Ab November sollen Bürger, die einen Personalausweis beantragen, das neue Ausweisdokument mit Chip erhalten. Doch ein Blick in die Kommunen, die für die Abwicklung der Anträge zuständig sind, weckt starke Zweifel, ob sich der Termin halten lassen wird. Claudia Drescher vom Bayerischen Gemeindetag weiß, dass der Unmut über den Bund im Moment groß ist: Die Kommunen müssen für die Umstellung auf die neue Ausweistechnik einen wesentlich höheren Aufwand treiben, als erwartet.

Weil die Technik noch gar nicht funktioniert, konnten Arbeitsabläufe zudem noch nicht erprobt werden. Anton Hanfstengl, Leiter des Bürgerbüros München, sagte heise online, dass der neue Personalausweis "eines der kritischsten Projekte ist, die wir je durchgeführt haben". Er glaubt, "dass wir die Zeit bis zur Einführung und die mit dem Projekt verbundenen Schwierigkeiten unterschätzt haben."
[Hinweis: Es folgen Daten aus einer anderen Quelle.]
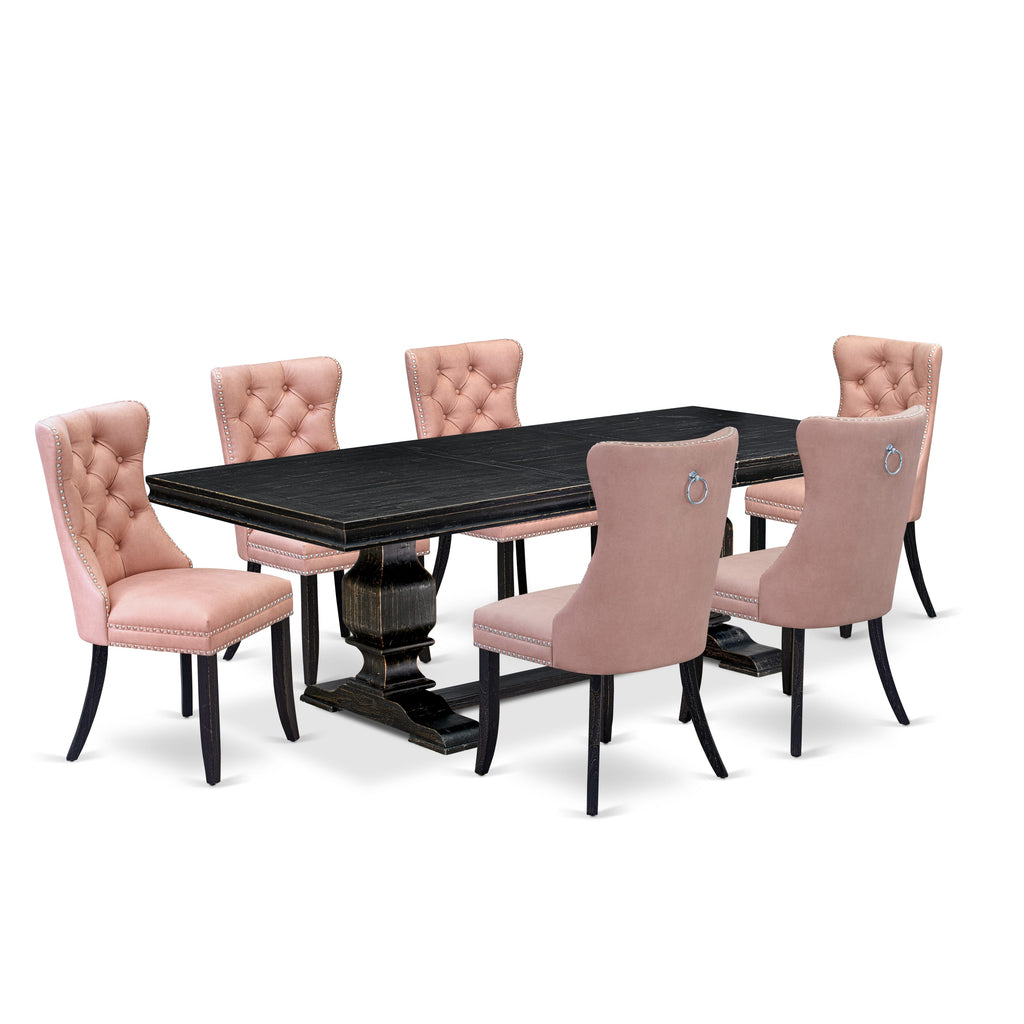 Luxe by East West Furniture LKDA7-SBB-23 7 Pieces Dining Set Contains a Rectangle Kitchen Table and 6 Beige Red Faux Leather Modern Chairs, Sand Blasting Black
Das größte Problem scheinen zurzeit die Änderungsterminals darzustellen, die von der Bundesdruckerei gestellt werden. Sie müssen in das System der Gemeinde eingebunden werden. Dafür investieren laut Drescher viele Kommunen in neue PC-Hardware, weil ihre alten Rechner den Anforderungen der Bundesdruckerei nicht mehr genügen. Dennoch scheint das für eine gelungene Anbindung bislang nicht auszureichen.

Hanfstengl sind bis heute keine Kommunen bekannt, die die Änderungsterminals mit Hilfe der von der Bundesdruckerei gelieferten Software bereits anbinden konnten: "Wir haben bereits verschiedene Versionen erhalten, aber alle waren so fehlerbehaftet, dass sie sich als nicht einsatzfähig herausstellten." Die meisten Hersteller von kommunaler Software, die in den Melde- und Ausweisbehörden zum Einsatz kommt, hätten die Software nicht in die Systeme einbinden können. Daher habe bislang kaum ein Verfahren durchgetestet werden können.
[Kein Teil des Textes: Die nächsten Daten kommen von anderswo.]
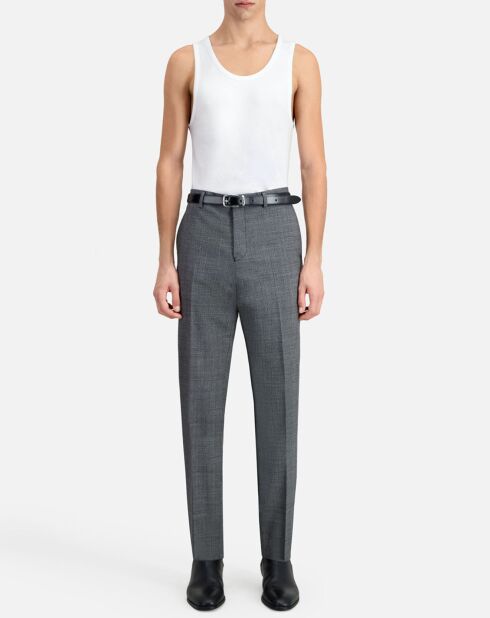 Pantalon de Costume 100% Laine à micro motifs noir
Ärger machen auch die herstellerabhängigen Vorgaben der Bundesdruckerei, die etwa die Verwendung von Microsoft-Produkten bindend vorgeben. Für das Präsidium des Deutschen Städtetags ist dieses Vorgehen mit Blick auf Open-Source-Städte wie München, Freiburg oder Jena "nicht akzeptabel". Es fordert daher den Bund auf, "bei der Vorgabe von Hard- und Softwareanforderungen an die zur Beantragung und Ausgabe der neuen Ausweise benötigte IT-Ausstattung der Behörden die Kompatibilität mit offenen Standards wie beispielsweise Linux zu gewährleisten."
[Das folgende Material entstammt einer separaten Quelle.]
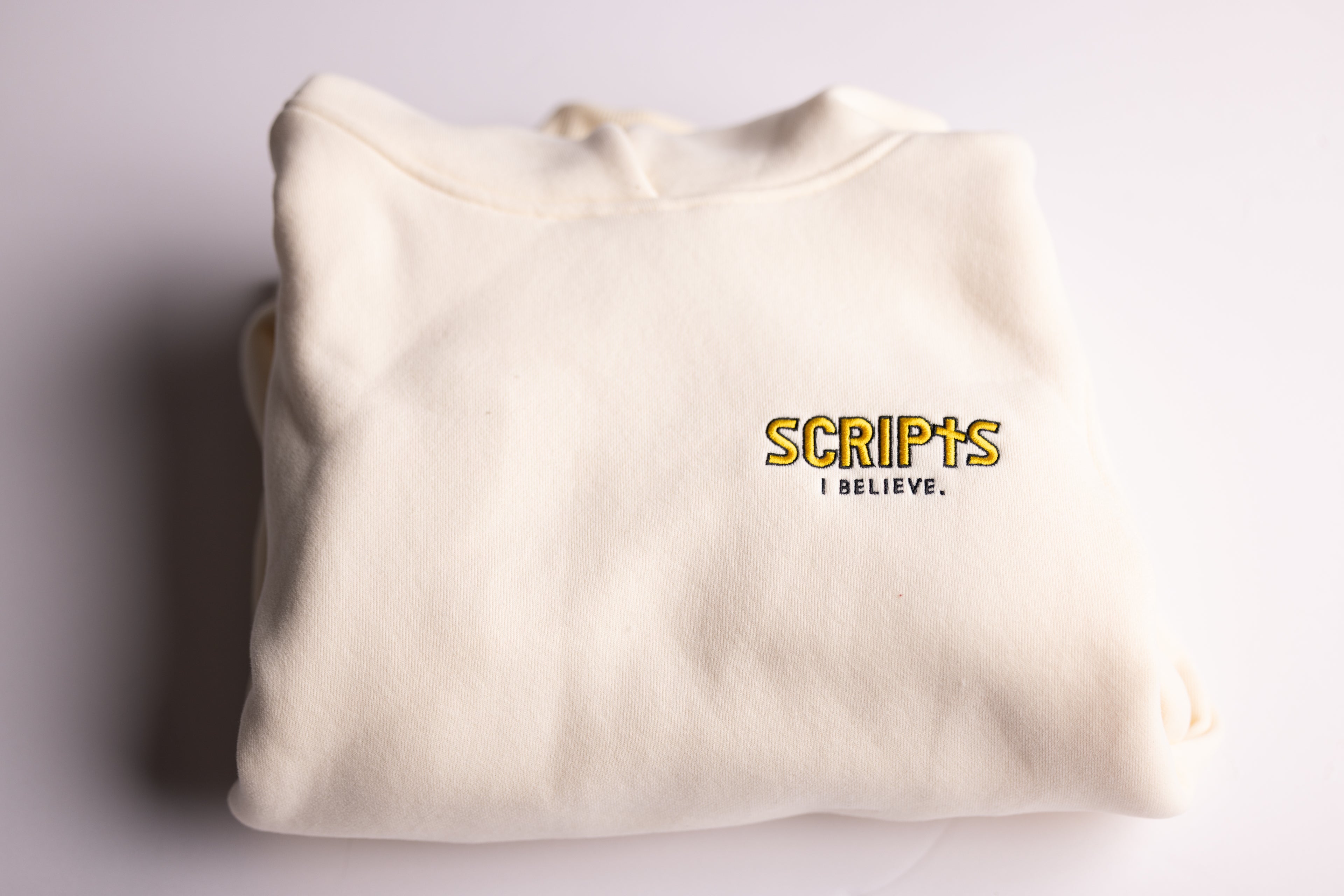 Beige Heavyweight Fleece Faith Hoodie — Scripts Apparel Clothing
Auch die jüngste, vor wenigen Tagen erst angelieferte Version der Anbindungssoftware für die Änderungsterminals soll derart fehlerbehaftet gewesen sein, dass sie zumindest in München nicht einsatzfähig war. "Für uns ist es unersichtlich, ob das am Programm oder unserer IT-Umgebung liegt", so Hanfstengl. "Jedenfalls wird es mit der Umsetzung bis zum 1. November kritisch." Eine Schulung der Mitarbeiter sei so nur eingeschränkt möglich. Hanfstengl führt die Probleme jedenfalls auf die sehr unterschiedliche IT- und Verfahrensausstattung der Kommunen zurück.

Dazu dürften auf die Bürger längere Wartezeiten zukommen: Bislang hat die Ausgabe des Personalausweises fünf bis zehn Minuten gedauert, künftig wird sie etwa eine halbe Stunde dauern. Kommunen wie München, Frankfurt und Düsseldorf rechnen mit dreifachen Bearbeitungszeiten. Das bedeutet, dass bereits der Dritte in der Warteschlange bei einem Bearbeiter eine Stunde lang warten müsste. Bei der Einführung des digitalen Reisepasses hatte sich laut Hanfstengl die Bearbeitungszeit um den Faktor zwei erhöht.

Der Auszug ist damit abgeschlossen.